My post of 01/21/2011 chronicles the origin of the RS2 and also supplies a material list. Over the last couple years I migrated away from the RS2 toward the Craven soft hackle emerger, but I continue to carry an adequate quantity of RS2’s in my streamer wallet, as I visit western rivers and streams.
I prefer to fish the RS2 deep using a strike indicator and split shot hours before an expected blue winged olive emergence, and I impart movement to the fly by jigging it or executing poor downstream mends. These actions create momentary acceleration of the fly, and this seems to induce a feeding reaction from trout. If I sense that the fish are tuned into emergers close to the surface, I generally switch to a Craven soft hackle emerger, and sometimes I also shift to a dry/dropper presentation, since I no longer need to probe the depths of the river.

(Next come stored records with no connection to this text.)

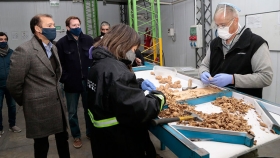 De Neuquén a Nápoles: productores exportaron 20 toneladas de nueces a Italia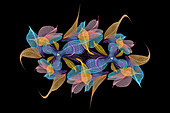 Multi-colored skeleton leaves arranged on black background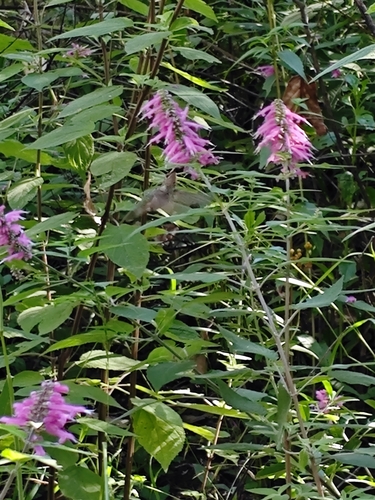 Image of Salvia iodantha by (c) Guillermo Huerta Ramos, some rights reserved (CC BY)
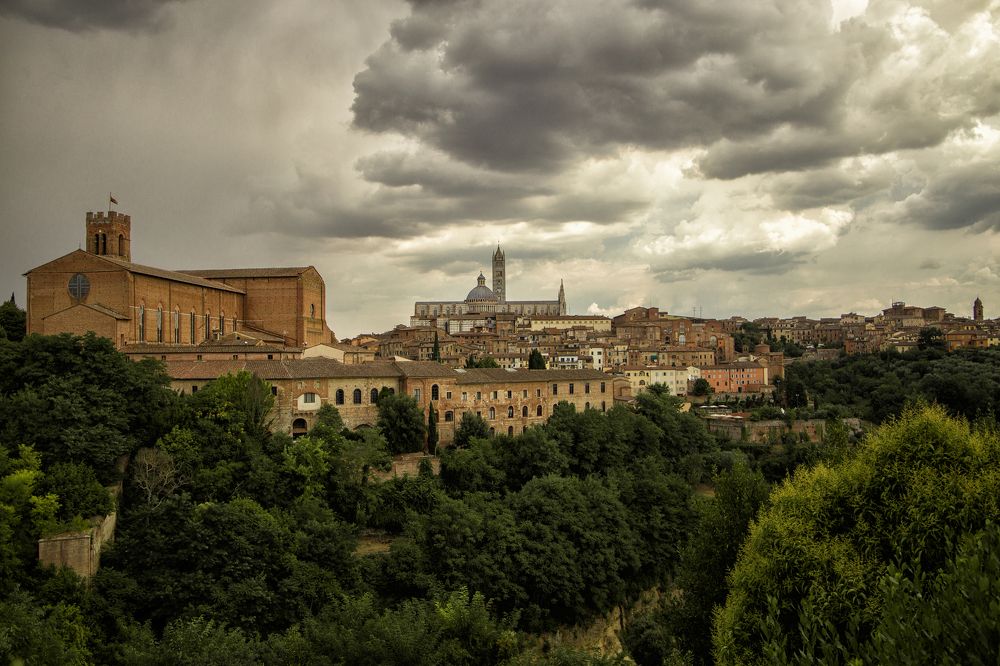 Photograph by Мария Трещева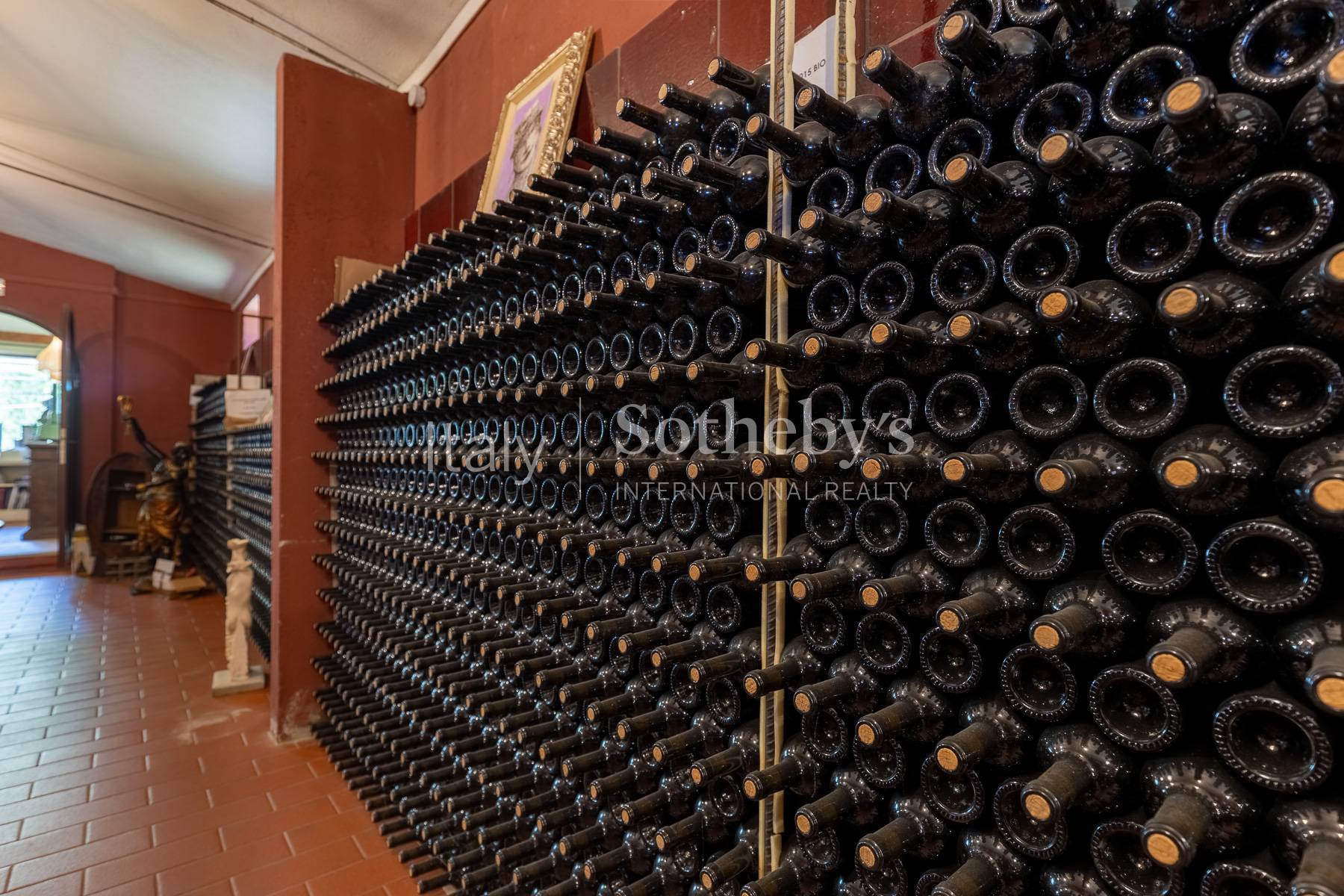  Estate with villa, swimming pool and organic vineyards - 物件實景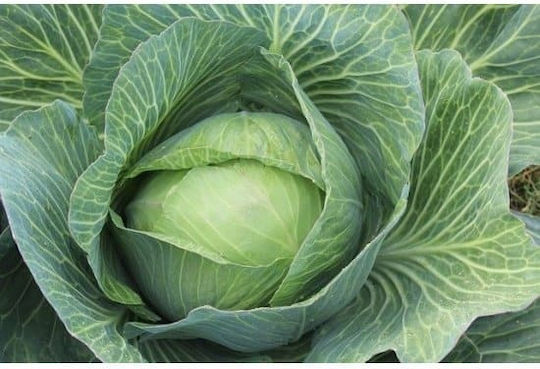 Gemma Seeds Cabbage Late 5gr/1500pcs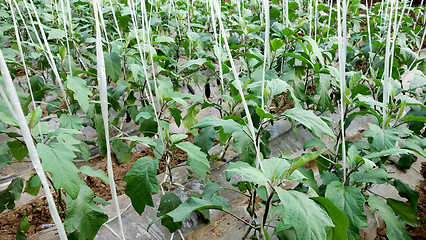 Image showing Eggplant in a greenhouse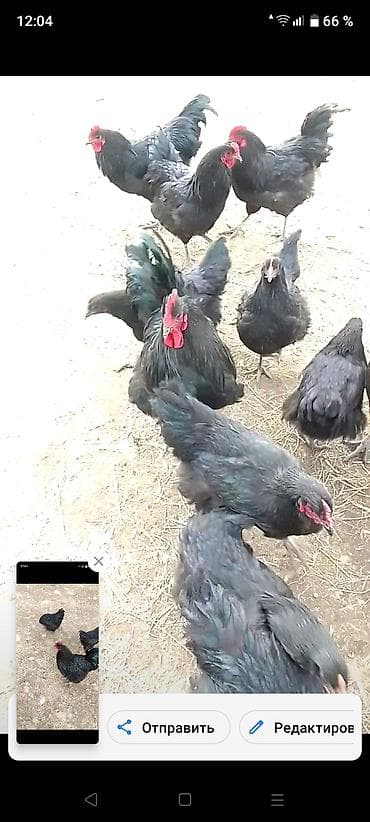 петух купить: Продаю | Куры | Кохинхин | Для разведения — 3
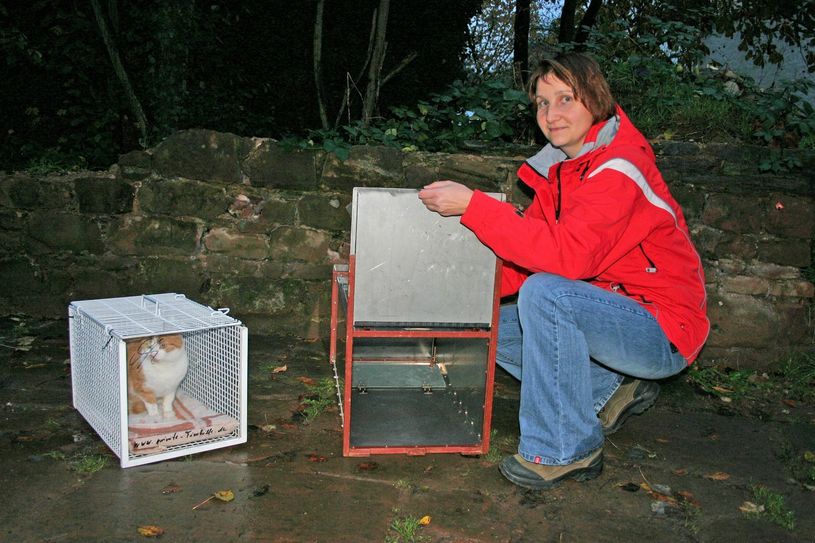 Der Förderverein Eifeltierheim hilft heimatlosen, ausgesetzten und kranken Katzen. Hilfsmittel bei Fangaktionen: eine Katzenfalle. Foto: privat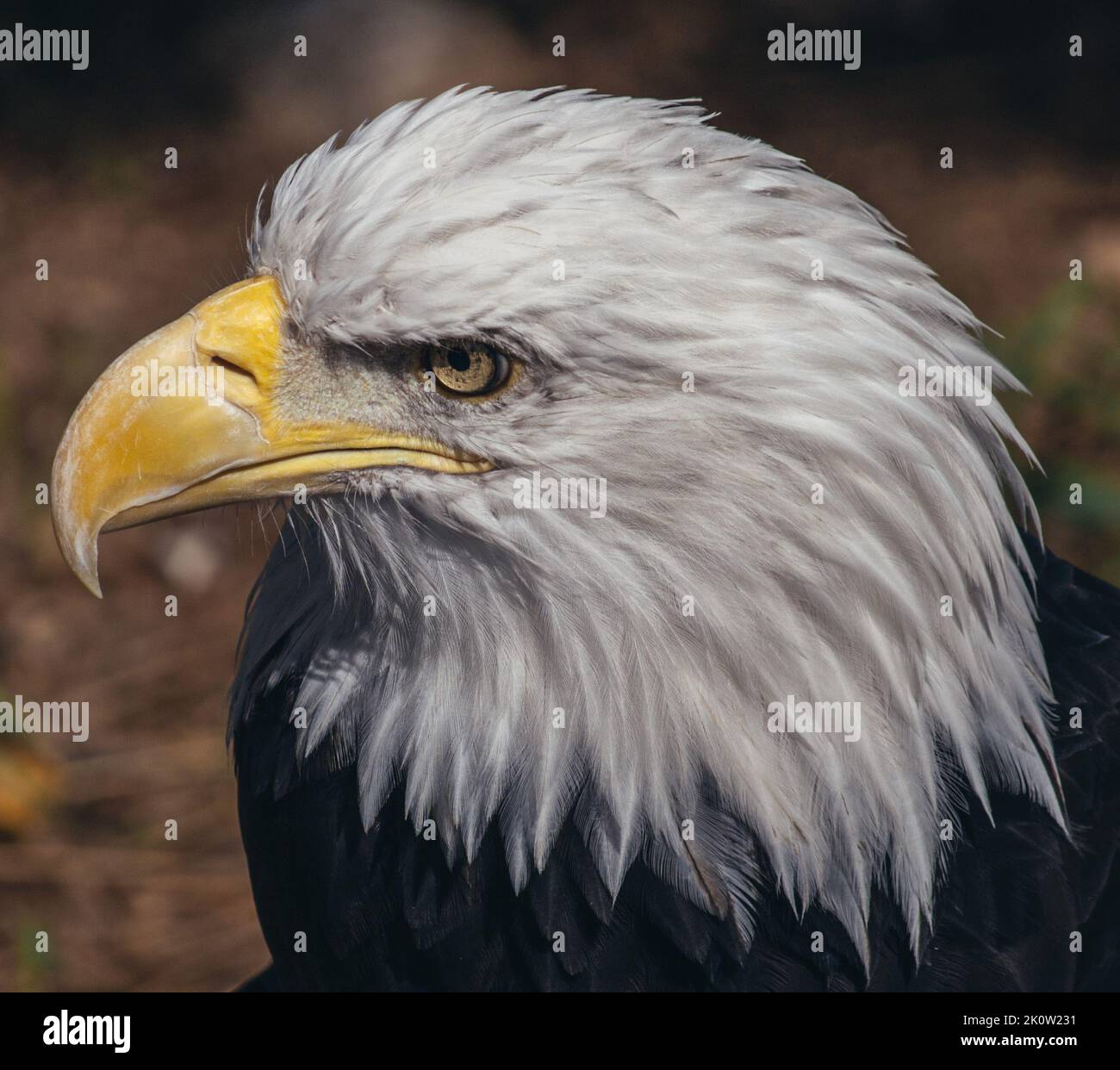 Eagle staring hi-res stock photography and images - Alamy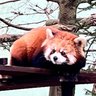 さとう 的头像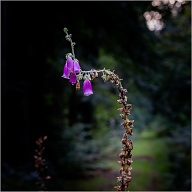 Poisonous - I have been told, but very pretty.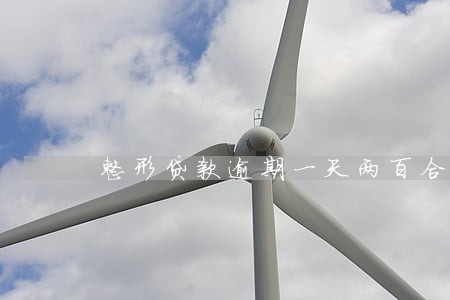 整形贷款逾期一天两百合法吗 整形贷款逾期一天两百合法吗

I also believe that the RS2 is a serviceable imitation of small midge larva, and for that reason it is a good choice when mayflies and caddis are not prevalent. Any fly that covers numerous food sources is a productive offering in my opinion.
When I surveyed my fly boxes, I counted 23 RS2’s. I established a goal of 50 to enter the 2017 season, so I settled into my stool at my fly tying bench and cranked out 27 new flies. Hopefully I will encounter some strong baetis hatches, and my RS2’s will continue to attract trout to my line.